◆ Exercise: A full, word-for-word copy of the listing below is needed; leave the images out of it.

◆ Data extract:
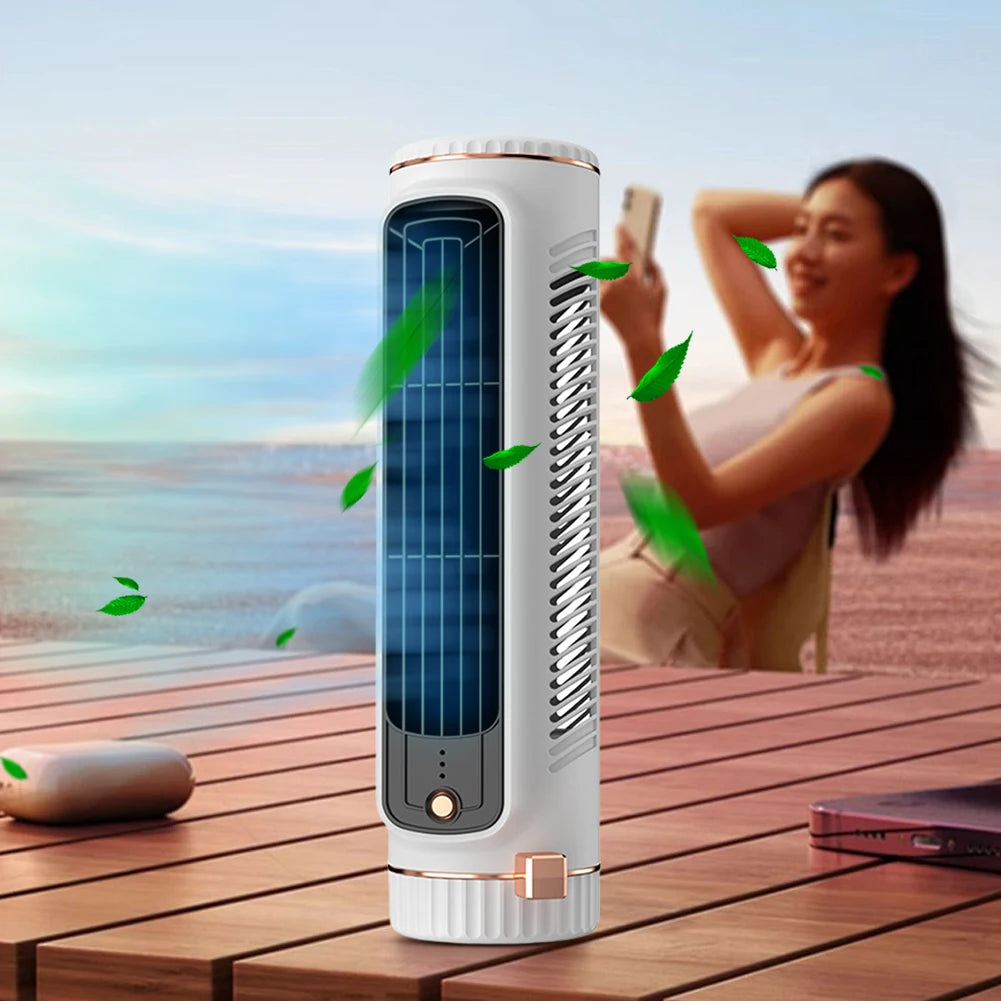 Tower Fan USB Charging Electric Vertical Fan Bladeless Summer Fan Wireless Desk Fan for Home Bedroom
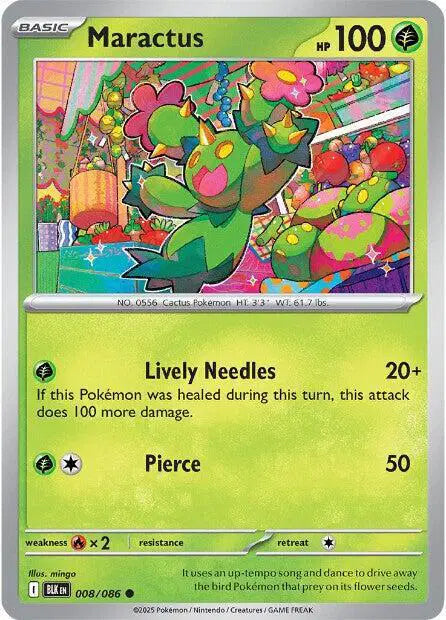 Maractus Common • 008/086 Black Bolt Reverse Holofoil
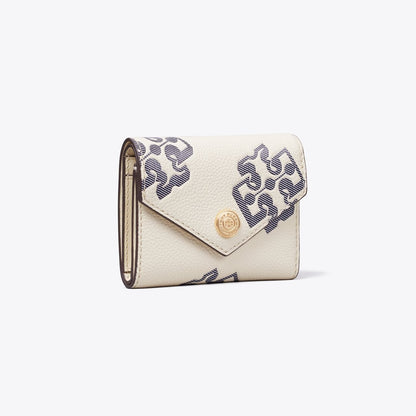 Tory Burch Contrast Embossed Envelope Small Wallet Light Cream / Navy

◆ Task response:
 Tower Fan USB Charging Electric Vertical Fan Bladeless Summer Fan Wireless Desk Fan for Home Bedroom
 Maractus Common • 008/086 Black Bolt Reverse Holofoil
 Tory Burch Contrast Embossed Envelope Small Wallet Light Cream / Navy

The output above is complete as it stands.